Apr 10, 2017 11:02
Whenever a franchise introduces a new character, particularly a new female character, there is always great hew and cry, and whispers and shouts of that most damning of epithets: Mary Sue. It is one of our less admirable traits, such automatic and usually sexist dismissal of the new and unfamiliar. You would think that in as long and varied a franchise as Doctor Who, we would be used to and tolerant of the natural ebb and flow of characters, but if anything we are among the worst offenders. With all that in mind, I think Clara is the closest Doctor Who has come to a genuine Mary Sue.
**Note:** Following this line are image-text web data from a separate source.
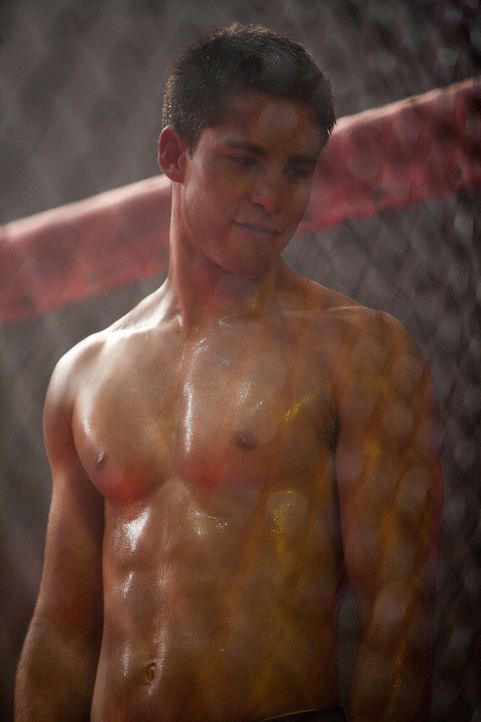 Weil Mike (Dean Geyer, l.) wegen seines Vaters, der gerade sein schwules Coming Out hatte, in seiner Ringer-Mannschaft gehänselt wird, schließt er s... - Bildquelle: Alicia Gbur 2011 Sony Pictures Worldwide Acquisitions Inc. All Rights Reserved.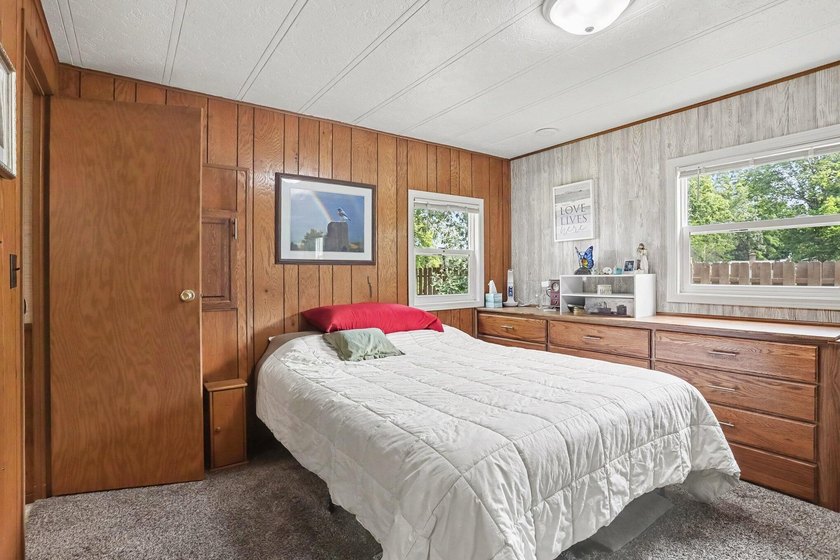Meticulously maintained 2-bedroom, 1.5-bath waterfront home on - photo 15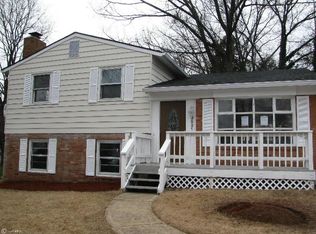 13621 Pennsboro Dr, Chantilly, VA 20151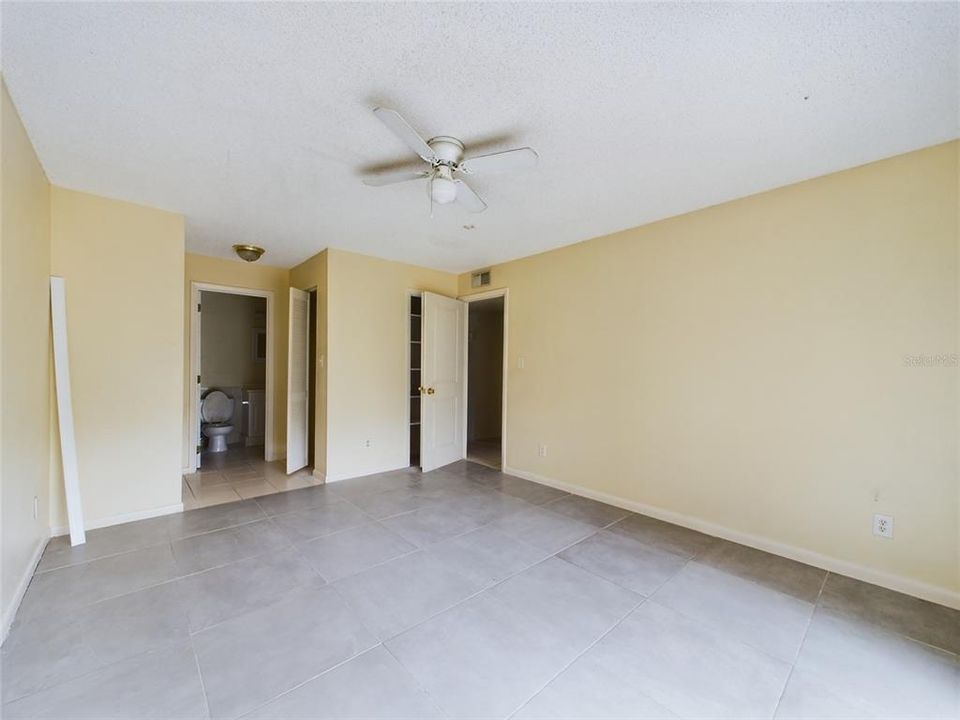 For Rent: $1,600 (2 beds, 2 baths, 2034 Square Feet)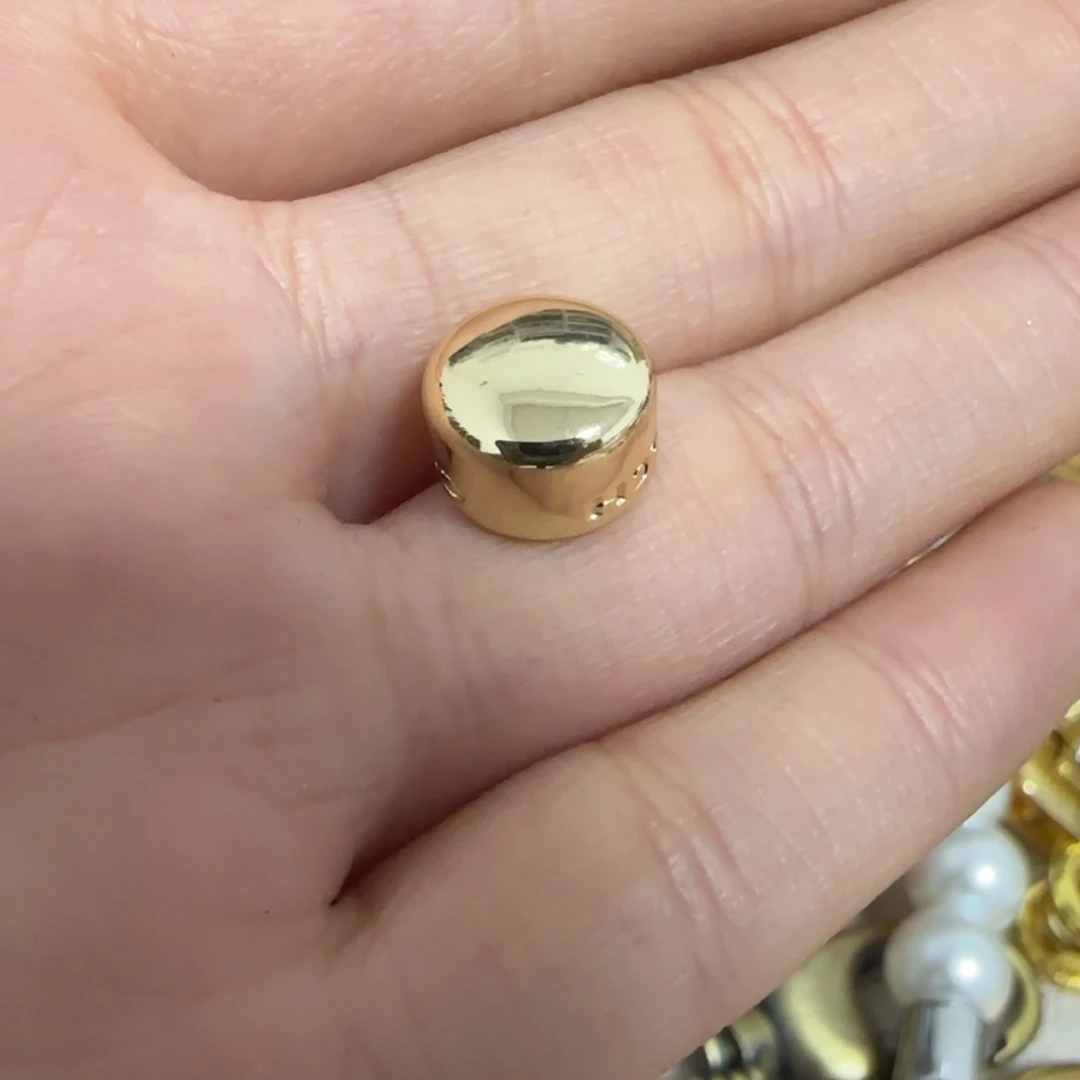 口吃螺丝脚钉10元20个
Before we unleash great hew and cry of another sort, let me define my terms a bit (and recall that the top of the page does say "Why I LIKE Clara"). I have written elsewhere: "Do not say 'Mary Sue' when what you mean is 'Clark Kent.'" Mary Sue is not a character with too few flaws or too many skills; a Superman is not prima facie Bad Writing (which a Mary Sue implicitly is). It's also worth noting that too few flaws is not a problem Clara has even a little bit. You also cannot in principle have a Mary Sue outside of fanfiction. Here is what I mean when I use the term: Mary Sue is a self-insert character who recenters the narrative on herself in defiance of established canon. She is a reality warper. A Mary Sue character is considered a hallmark of 'bad writing' because she violates the rules of the Great Game, adherence to an agreed-upon canon, by compelling those around her to act out of character on her behalf. She can be a very healthy sort of character to write, and an important step in a writer's development in fandom, but it's also understandable why other people wouldn't necessarily have an interest in reading such a story.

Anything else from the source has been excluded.